Michael's voice drifted through the dark.

Here in the otherworld, you are equidistant from all the lives you could ever live.

They felt like dim stars, distant and faint. He grabbed onto that metaphor and let it grow, until he remembered the colorful star and rolled it into view.

It shifted between a bright purple and neon green.

“That’s my real life, in there, I just don’t remember it.” His voice shook out from his head and boomed in the space around him. He held the thought and focused on the star.

Something flashed across its surface, a line bisecting the blinking orb. It dropped down suddenly and a flat plane rose above. The entire shape came right at him.

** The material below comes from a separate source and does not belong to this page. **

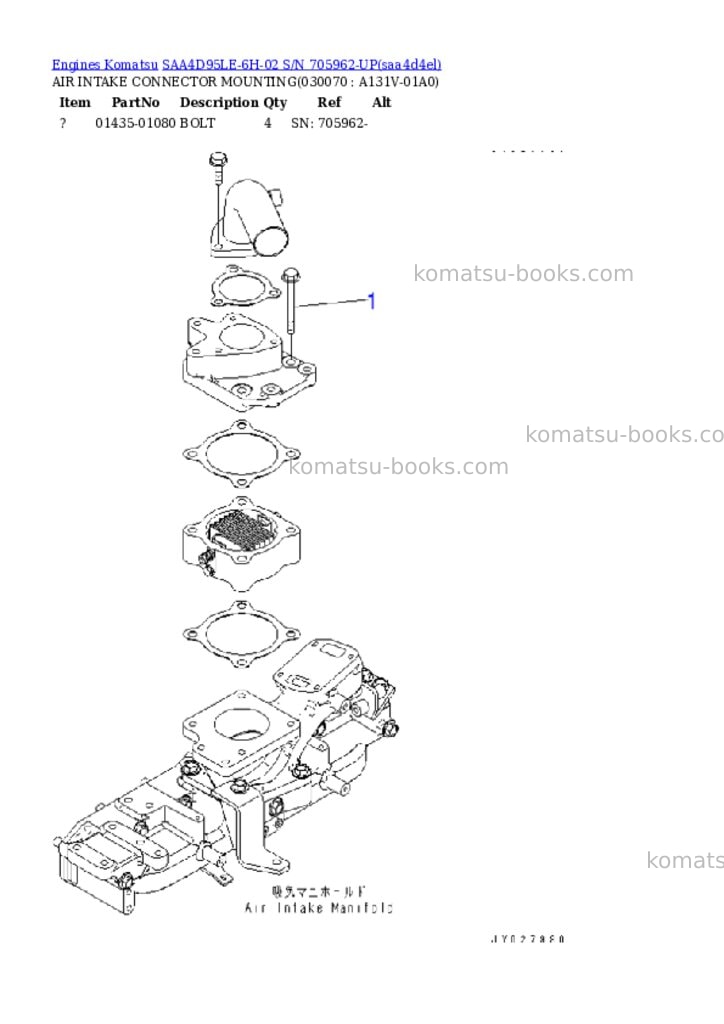 Komatsu SAA4D95LE-6H-02 S/N 705962-UP Parts catalog cover Page 6 Komatsu SAA4D95LE-6H-02 S/N 705962-UP Parts catalog cover Page 6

A door. Rolling towards him in the dark. Its edges glowed in the same colors as the shifting star, and it hummed with a vibration he could hear, speaking of memories and another life. He willed it to a stop right in front of him.

It was off-white with a beige coat of paint peeking through where the top coat flaked away. The knob was a brushed dull copper color and it hung off like the screws needed tightening. A shard of some other life, a weapon to shatter illusion.

“When I open this door, I'll wake up, and remember everything.”

The idea became more solid and certain by the second. Everything else faded away into a dull hum somewhere behind him, pushing him towards the door. He grabbed the handle and turned. Light poured in from the edges and the sensation of remembering something made him smile.

“I cant believe I forgot.”

He opened the door and stepped through.